Asian credit markets bounced today in a positive reaction to the first statements of the new governor of the Reserve Bank of India, pushing the region's financial markets higher.
Raghuram Rajan grabbed the spotlight yesterday in announcing several measures to lighten regulation on the banking system in India.
His statement buoyed the local stock market with the BSE Sensex almost 2 pct higher around 4:30pm Singapore time. Indian bonds were also better bid and most of the corporate curve in dollars from the country was some 5bp-10bp tighter.
Private banking accounts and offshore institutional Indian investors were showing interest, especially in 5-year paper from banks. As a result, benchmark State Bank of India 2018s were last quoted at 345bp/330bp, though ICICI 2018s were more liquid, quoted at 378bp/373bp, 5bp tighter in the day.
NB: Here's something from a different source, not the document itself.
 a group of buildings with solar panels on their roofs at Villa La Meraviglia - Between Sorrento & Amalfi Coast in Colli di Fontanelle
"It feels like people are finally back at their desks and are giving India a proper thought," said one trader in Singapore. A credit analyst, however, warned that this might be a short-lived bounce.
"We know that the problems for Indian credits are still there, this has not changed with Rajan's statement," he warned.
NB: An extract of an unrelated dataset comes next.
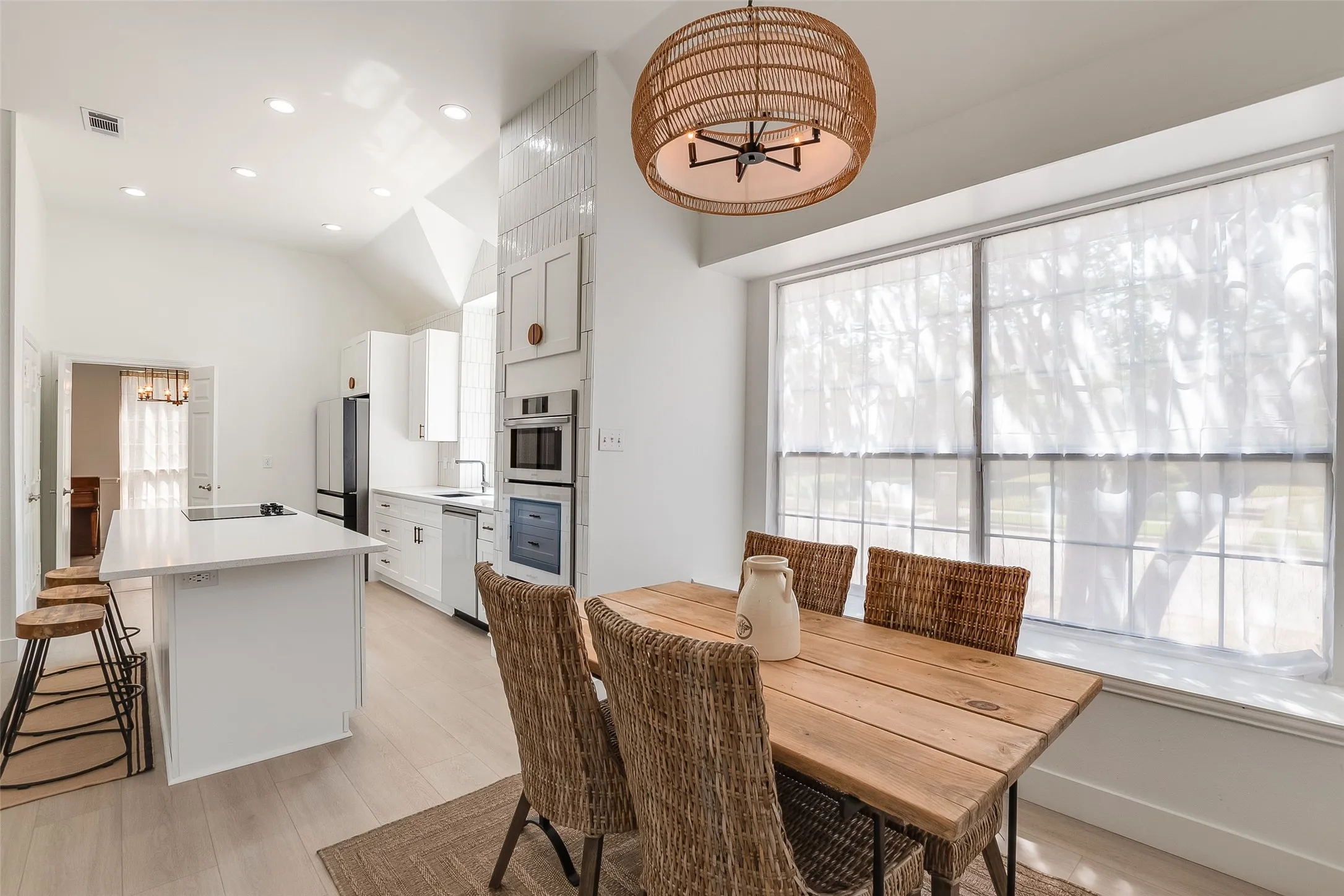 Vaulted ceiling with recessed lighting, integrated double ovens, kitchen island with built-in sink, light wood-finish flooring, and a window with a deep sill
For now, though, the feel-good factor has spilled over and helped tighten the whole region. The Asia ex-Japan iTraxx IG index was closing the day some 6bp tighter at 150bp/153bp, partly helped by some buying as index investors prepare for its roll.
The new 10-year bonds from the Republic of Korea also performed well and ground tighter throughout the day. One trader said that he had seen the last trade at 107bp over Treasuries, or 8bp tight to the reoffer spread of 115bp, around 4:35pm Singapore time.
Korea sold a USD1bn 10-year bond last night during the New York session, its first appearance in the dollar market since 2009. "Compared to the CDS and where the policy banks trade, the deal was offered at a generous level," said the credit analyst.
High-yield also had help from the general mood and sector bellwether Country Garden 2018s closed the day about USD1 higher at 94.00/94.50.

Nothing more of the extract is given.